The opportunity in my particular portfolio space of managing water more wisely, the technology provides. Where we are delivering now on a plan for better management of the Murray-Darling Basin, in the way we are investing in upgrading the technology and the output of farmers and their productivity so that they use water more wisely, that they get better outcomes, better outputs, greater yield for every drop of water going in, as a result of that we are able to return some water back to environmental flows, and better environmental outcomes without losing the productivity of our farms.

In terms of the management of waste, being able to recycle more, reduce of course the ultimate level of input required to make products in the future, and reducing the level of waste going to landfill. All of these are classic examples of way in which technology has and will continue to provide great benefits in terms of the environment.

Today, I just wanted to touch briefly on one area of major government policy, and major policy change over the coming years, that is equally driven by technology and innovation, and that relates to climate change and the challenge of reducing Australia’s emissions profile. Where in particular enhanced energy efficiency driven by technology and innovation as well as enhanced energy productivity where of course we get greater use and greater output for a reduced energy input are things that we hope our direct action agenda will be able to facilitate.

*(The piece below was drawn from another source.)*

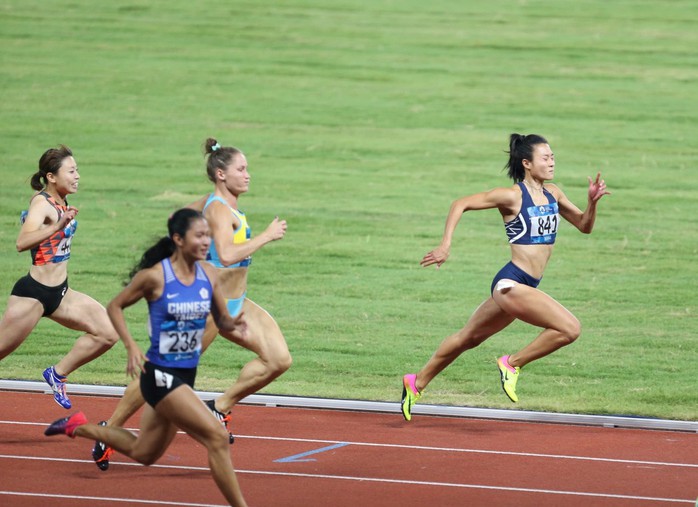 Trực tiếp ASIAD ngày 28-8: Tú Chinh thất bại, Quách Thị Lan vào chung kết 200m - Ảnh 5.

In our first budget handed down just recently we’ve pledged to provide and have committed on that pledge some $2.55 billion dollars from the first of July this year to the establishment of an emissions reduction fund. Technology and innovation will be the heart of that fund and its utilisation to achieve our Government target and the bipartisan Australian target of reducing Australia’s emissions by 5% on 2000 levels by 2020. And we fully expect that in achieving and delivering that target, business will seek to find ways that lower their energy costs, and improves their energy productivity. 

To contrasts in polices of course from what has been a punitive approach of applying prices and taxes and via the carbon tax. What we are now embracing and will implement as a government is encouraging approach in a facilitating approach where we will go out to market, via an auction method, inviting tenders from business people and innovators in their fields to be able to partner with government to provide emissions abatement over a period of time that will be contracted to be provided to the government and providing an incentive payment and purchasing that emissions abatement to reach our national targets, but to reach those targets by investing in better policy outcomes here in Australia.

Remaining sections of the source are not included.